Share your passion for science at the Minnesota Academy of Science’s Science Bowl for Middle and High School Students. Join other science professionals in providing an opportunity for over 250 students to apply their science and math knowledge in a competitive format similar to the game show Jeopardy. Volunteers are needed to serve as moderators, scorekeepers, timekeepers, scientific judges and many other roles. Sign up to volunteer at the January 20 event for high school students or the February 11 event for middle school students.

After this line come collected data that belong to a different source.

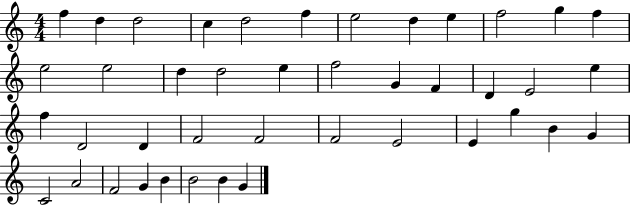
X:1
T:Untitled
M:4/4
L:1/4
K:C
f d d2 c d2 f e2 d e f2 g f e2 e2 d d2 e f2 G F D E2 e f D2 D F2 F2 F2 E2 E g B G C2 A2 F2 G B B2 B G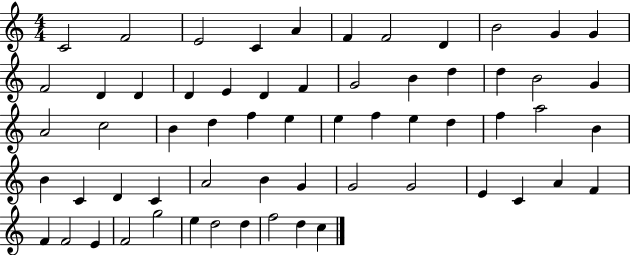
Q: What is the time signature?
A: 4/4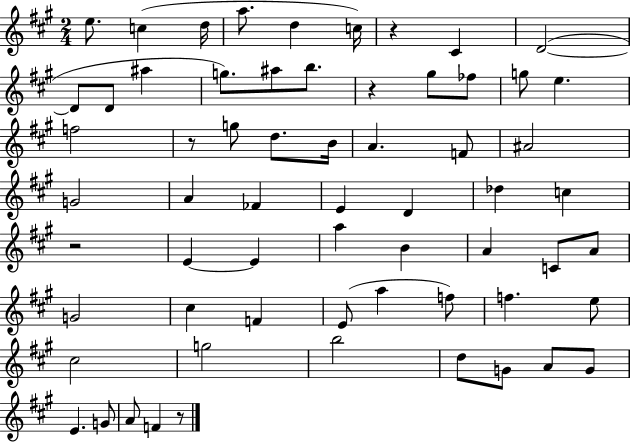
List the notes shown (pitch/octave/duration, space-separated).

E5/e. C5/q D5/s A5/e. D5/q C5/s R/q C#4/q D4/h D4/e D4/e A#5/q G5/e. A#5/e B5/e. R/q G#5/e FES5/e G5/e E5/q. F5/h R/e G5/e D5/e. B4/s A4/q. F4/e A#4/h G4/h A4/q FES4/q E4/q D4/q Db5/q C5/q R/h E4/q E4/q A5/q B4/q A4/q C4/e A4/e G4/h C#5/q F4/q E4/e A5/q F5/e F5/q. E5/e C#5/h G5/h B5/h D5/e G4/e A4/e G4/e E4/q. G4/e A4/e F4/q R/e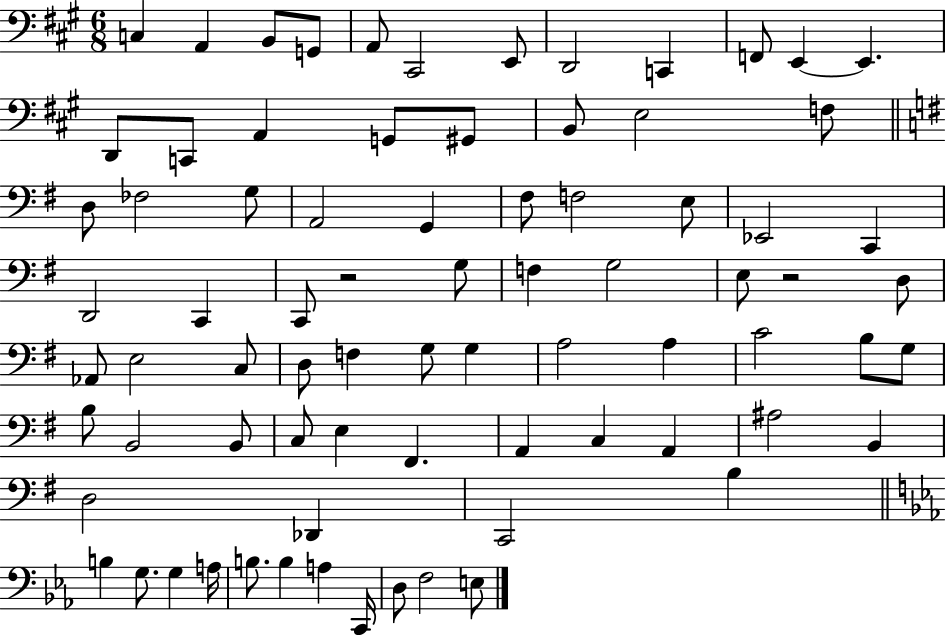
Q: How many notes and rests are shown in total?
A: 78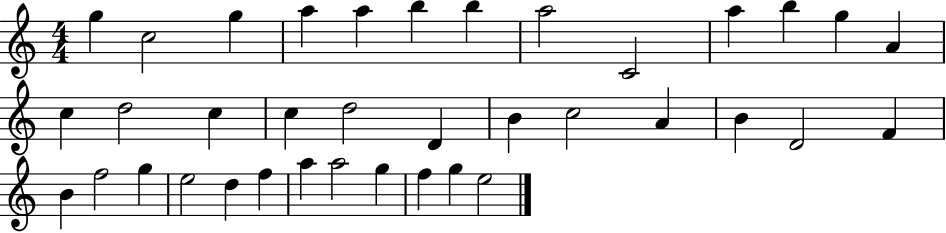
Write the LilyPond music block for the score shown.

{
  \clef treble
  \numericTimeSignature
  \time 4/4
  \key c \major
  g''4 c''2 g''4 | a''4 a''4 b''4 b''4 | a''2 c'2 | a''4 b''4 g''4 a'4 | \break c''4 d''2 c''4 | c''4 d''2 d'4 | b'4 c''2 a'4 | b'4 d'2 f'4 | \break b'4 f''2 g''4 | e''2 d''4 f''4 | a''4 a''2 g''4 | f''4 g''4 e''2 | \break \bar "|."
}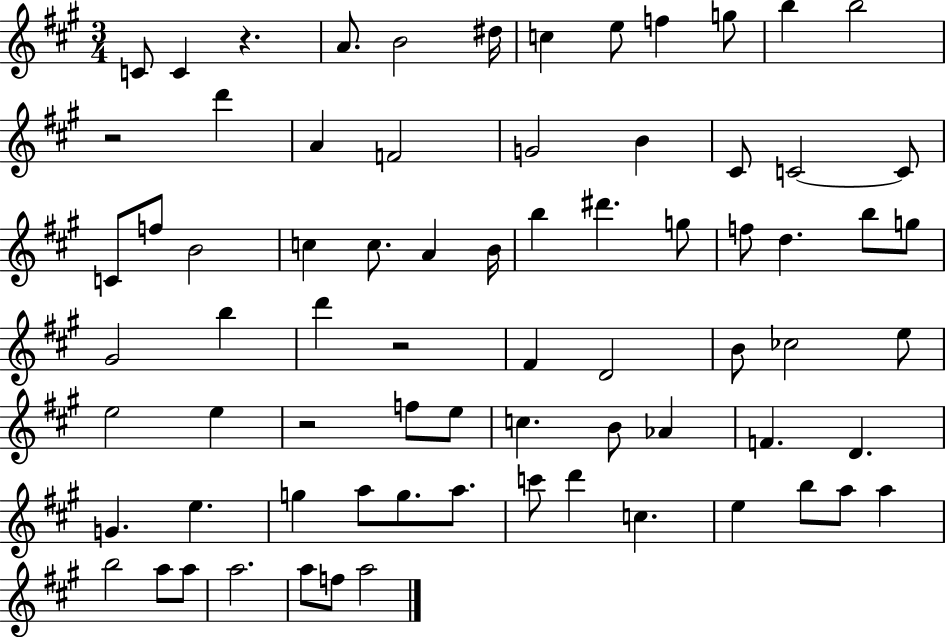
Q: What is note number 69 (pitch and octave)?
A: F5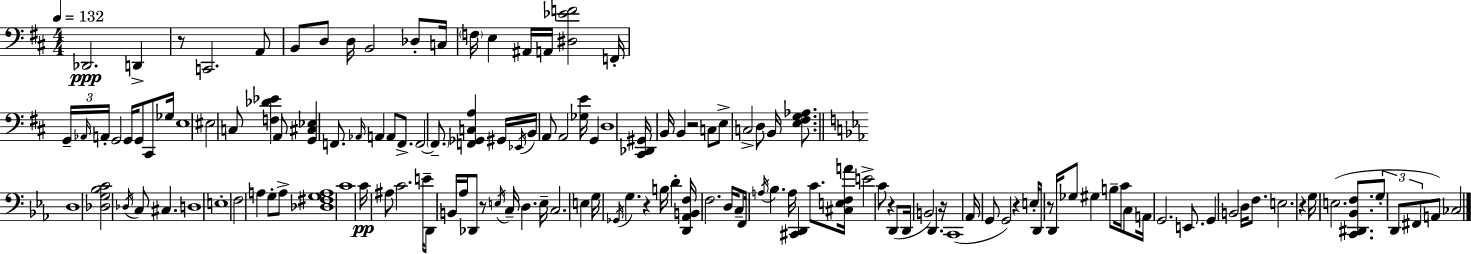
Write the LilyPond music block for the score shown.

{
  \clef bass
  \numericTimeSignature
  \time 4/4
  \key d \major
  \tempo 4 = 132
  des,2.\ppp d,4-> | r8 c,2. a,8 | b,8 d8 d16 b,2 des8-. c16 | \parenthesize f16 e4 ais,16 a,16 <dis ees' f'>2 f,16-. | \break \tuplet 3/2 { g,16-- \grace { aes,16 } a,16-. } g,2 g,16 g,8 cis,8 | ges16 e1 | eis2 c8 <f des' ees'>4 a,8 | <g, cis ees>4 f,8. \grace { aes,16 } a,4 a,8 f,8.-> | \break f,2~~ \parenthesize f,8.-- <f, ges, c a>4 | gis,16 \acciaccatura { ees,16 } b,16 a,8 a,2 <ges e'>16 g,4 | d1 | <cis, des, gis,>16 b,16 b,4 r2 | \break c8 e8-> c2-> d8 b,16 | <e fis g aes>8. \bar "||" \break \key c \minor d1 | <des g bes c'>2 \acciaccatura { des16 } c8 cis4. | d1 | e1-. | \break f2 a4 g8-. a8-> | <des fis g a>1 | c'1 | c'16\pp ais8 c'2. | \break e'16-- d,8 b,16 aes16 des,8 r8 \acciaccatura { e16 } c16-- d4. | e16-- c2. e4 | g16 \acciaccatura { ges,16 } g4. r4 b16 d'4-. | <d, aes, b, f>16 f2. | \break d16 c8-- f,16 \acciaccatura { a16 } bes4. a16 <cis, d,>4 | c'8. <cis e f a'>16 e'2-> c'8 r4 | d,8( d,16 b,2) d,4. | r16 c,1( | \break aes,16 g,8 g,2) r4 | e16-. d,8 r8 d,16 ges8 gis4 b8-- | c'16 c8 a,16 g,2. | e,8. g,4 b,2 | \break d16 f8. e2. | r4 g16 e2.( | <c, dis, bes, f>8. \tuplet 3/2 { g8-. d,8 fis,8 } a,8) ces2 | \bar "|."
}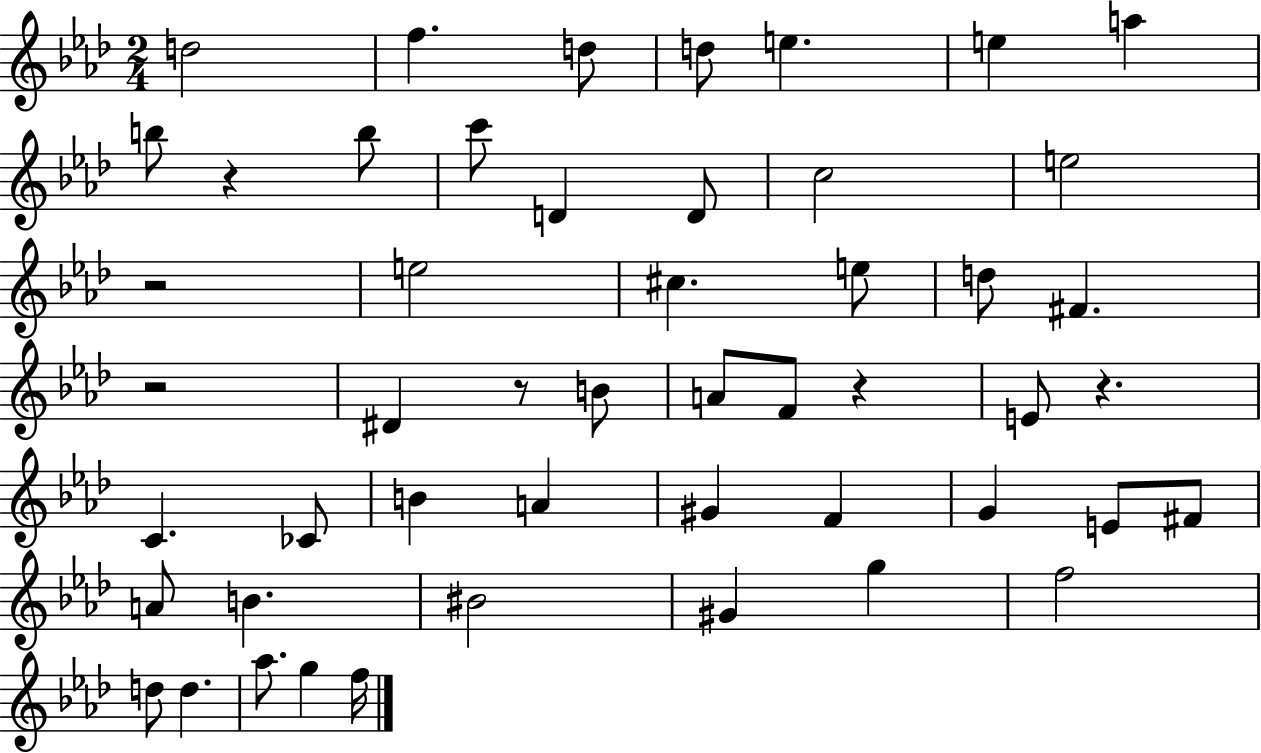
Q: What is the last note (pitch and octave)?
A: F5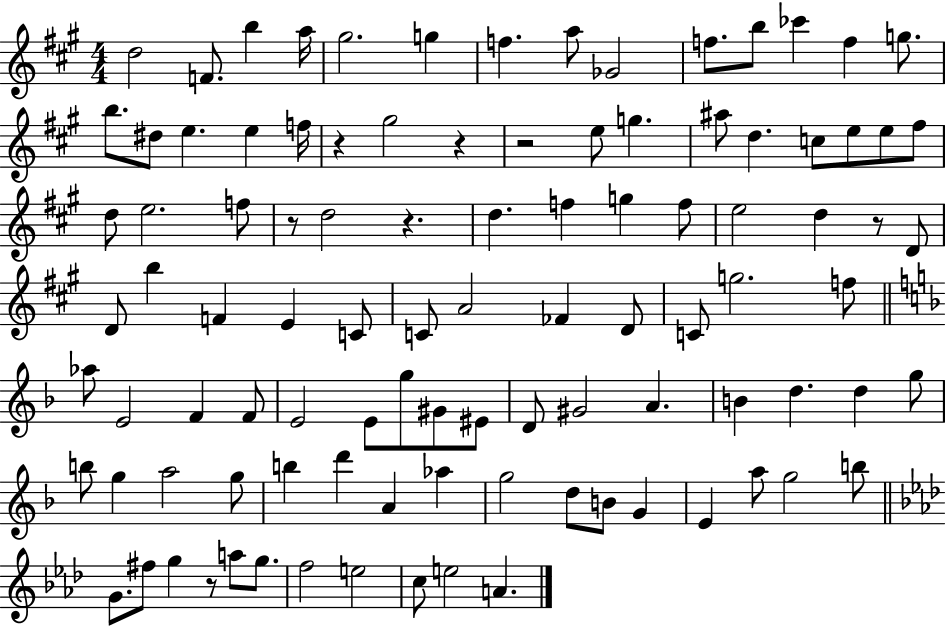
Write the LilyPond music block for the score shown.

{
  \clef treble
  \numericTimeSignature
  \time 4/4
  \key a \major
  d''2 f'8. b''4 a''16 | gis''2. g''4 | f''4. a''8 ges'2 | f''8. b''8 ces'''4 f''4 g''8. | \break b''8. dis''8 e''4. e''4 f''16 | r4 gis''2 r4 | r2 e''8 g''4. | ais''8 d''4. c''8 e''8 e''8 fis''8 | \break d''8 e''2. f''8 | r8 d''2 r4. | d''4. f''4 g''4 f''8 | e''2 d''4 r8 d'8 | \break d'8 b''4 f'4 e'4 c'8 | c'8 a'2 fes'4 d'8 | c'8 g''2. f''8 | \bar "||" \break \key f \major aes''8 e'2 f'4 f'8 | e'2 e'8 g''8 gis'8 eis'8 | d'8 gis'2 a'4. | b'4 d''4. d''4 g''8 | \break b''8 g''4 a''2 g''8 | b''4 d'''4 a'4 aes''4 | g''2 d''8 b'8 g'4 | e'4 a''8 g''2 b''8 | \break \bar "||" \break \key f \minor g'8. fis''8 g''4 r8 a''8 g''8. | f''2 e''2 | c''8 e''2 a'4. | \bar "|."
}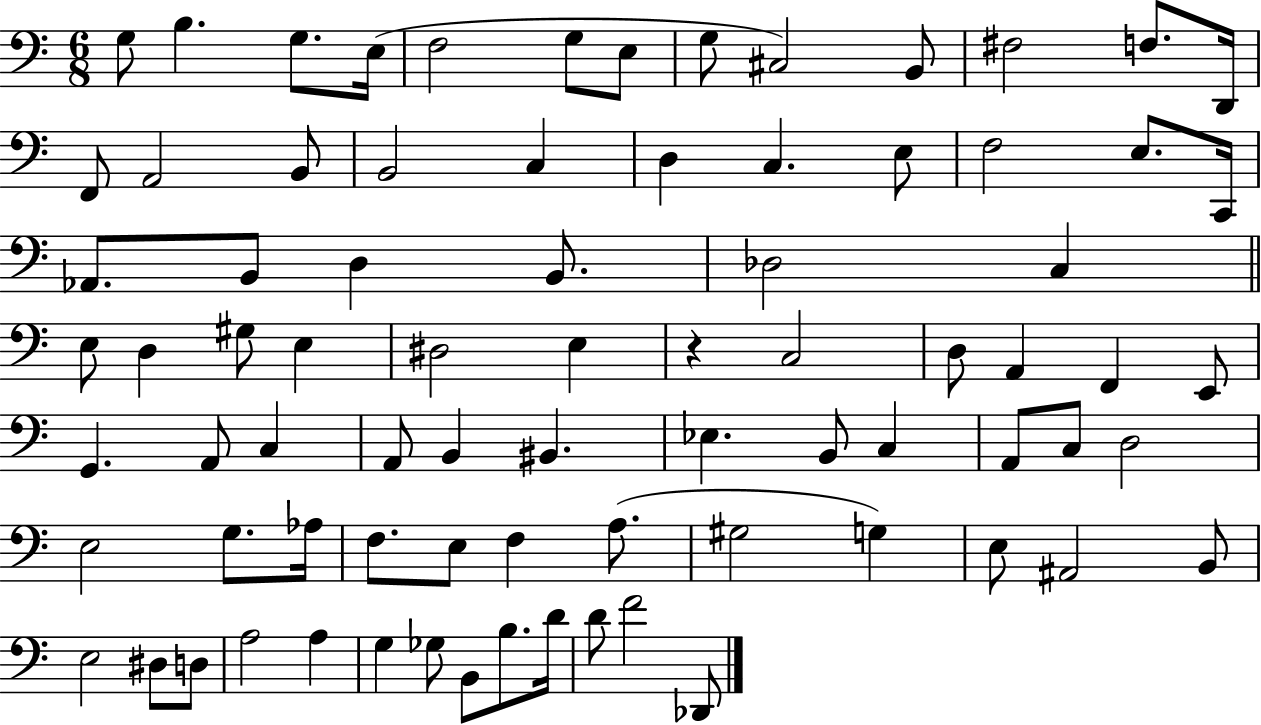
G3/e B3/q. G3/e. E3/s F3/h G3/e E3/e G3/e C#3/h B2/e F#3/h F3/e. D2/s F2/e A2/h B2/e B2/h C3/q D3/q C3/q. E3/e F3/h E3/e. C2/s Ab2/e. B2/e D3/q B2/e. Db3/h C3/q E3/e D3/q G#3/e E3/q D#3/h E3/q R/q C3/h D3/e A2/q F2/q E2/e G2/q. A2/e C3/q A2/e B2/q BIS2/q. Eb3/q. B2/e C3/q A2/e C3/e D3/h E3/h G3/e. Ab3/s F3/e. E3/e F3/q A3/e. G#3/h G3/q E3/e A#2/h B2/e E3/h D#3/e D3/e A3/h A3/q G3/q Gb3/e B2/e B3/e. D4/s D4/e F4/h Db2/e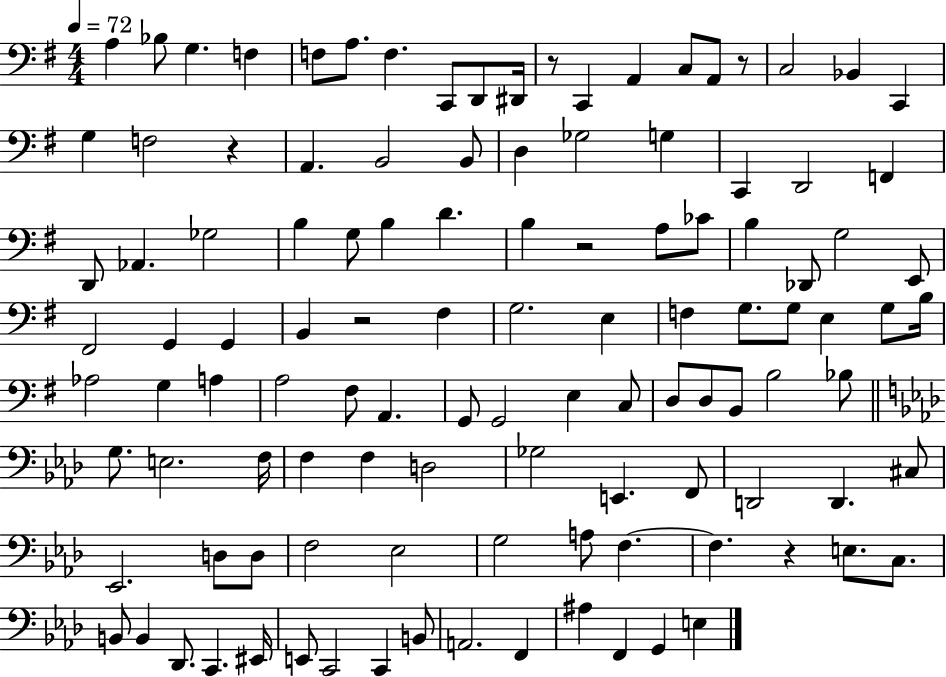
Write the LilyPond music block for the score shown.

{
  \clef bass
  \numericTimeSignature
  \time 4/4
  \key g \major
  \tempo 4 = 72
  \repeat volta 2 { a4 bes8 g4. f4 | f8 a8. f4. c,8 d,8 dis,16 | r8 c,4 a,4 c8 a,8 r8 | c2 bes,4 c,4 | \break g4 f2 r4 | a,4. b,2 b,8 | d4 ges2 g4 | c,4 d,2 f,4 | \break d,8 aes,4. ges2 | b4 g8 b4 d'4. | b4 r2 a8 ces'8 | b4 des,8 g2 e,8 | \break fis,2 g,4 g,4 | b,4 r2 fis4 | g2. e4 | f4 g8. g8 e4 g8 b16 | \break aes2 g4 a4 | a2 fis8 a,4. | g,8 g,2 e4 c8 | d8 d8 b,8 b2 bes8 | \break \bar "||" \break \key aes \major g8. e2. f16 | f4 f4 d2 | ges2 e,4. f,8 | d,2 d,4. cis8 | \break ees,2. d8 d8 | f2 ees2 | g2 a8 f4.~~ | f4. r4 e8. c8. | \break b,8 b,4 des,8. c,4. eis,16 | e,8 c,2 c,4 b,8 | a,2. f,4 | ais4 f,4 g,4 e4 | \break } \bar "|."
}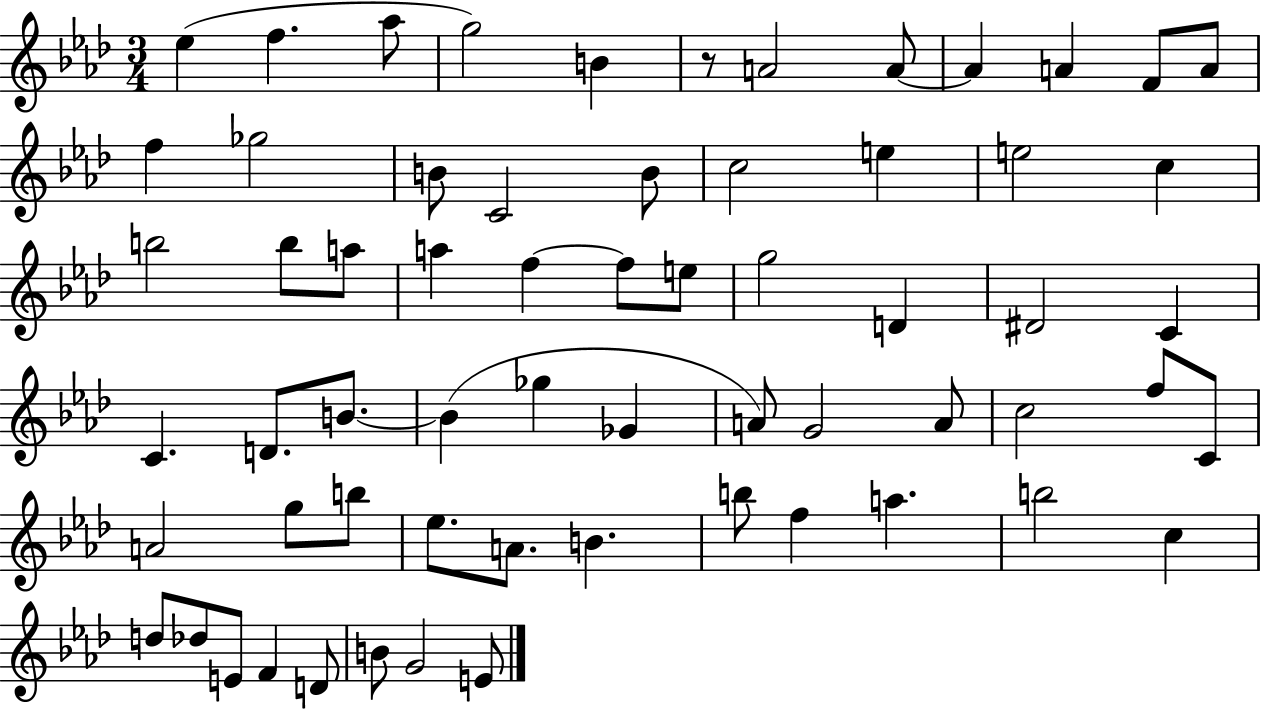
Eb5/q F5/q. Ab5/e G5/h B4/q R/e A4/h A4/e A4/q A4/q F4/e A4/e F5/q Gb5/h B4/e C4/h B4/e C5/h E5/q E5/h C5/q B5/h B5/e A5/e A5/q F5/q F5/e E5/e G5/h D4/q D#4/h C4/q C4/q. D4/e. B4/e. B4/q Gb5/q Gb4/q A4/e G4/h A4/e C5/h F5/e C4/e A4/h G5/e B5/e Eb5/e. A4/e. B4/q. B5/e F5/q A5/q. B5/h C5/q D5/e Db5/e E4/e F4/q D4/e B4/e G4/h E4/e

Upcoming UMN Libraries workshops

Coming up in November and December, the UMN Libraries will offer workshops on Better Data Searching, Copyright, Formatting Your Dissertation or Thesis in Word 2007, Grant Funding Search Tools and Resources and RefWorks Basics. For a complete schedule of workshops, visit the University Libraries website.

St. Paul GLBTA Climate Survey

There’s still time to respond to the survey sent by the St. Paul Campus Gay, Lesbian, Bisexual, Transgender (GLBT) and Ally Advisory Group to members of the St. Paul campus community in late October (subject line: “How Is the St. Paul Campus Treating You?”). The group will use the results to help enhance and improve campus climate for GLBT students, faculty and staff.

Development grants available for U of M retirees

The University Retirees Association is offering development grants for University retirees. Grants of up to $4,000 are open to faculty and P&A retirees who wish to continue their research or other professional work. The deadline for applications is December 9.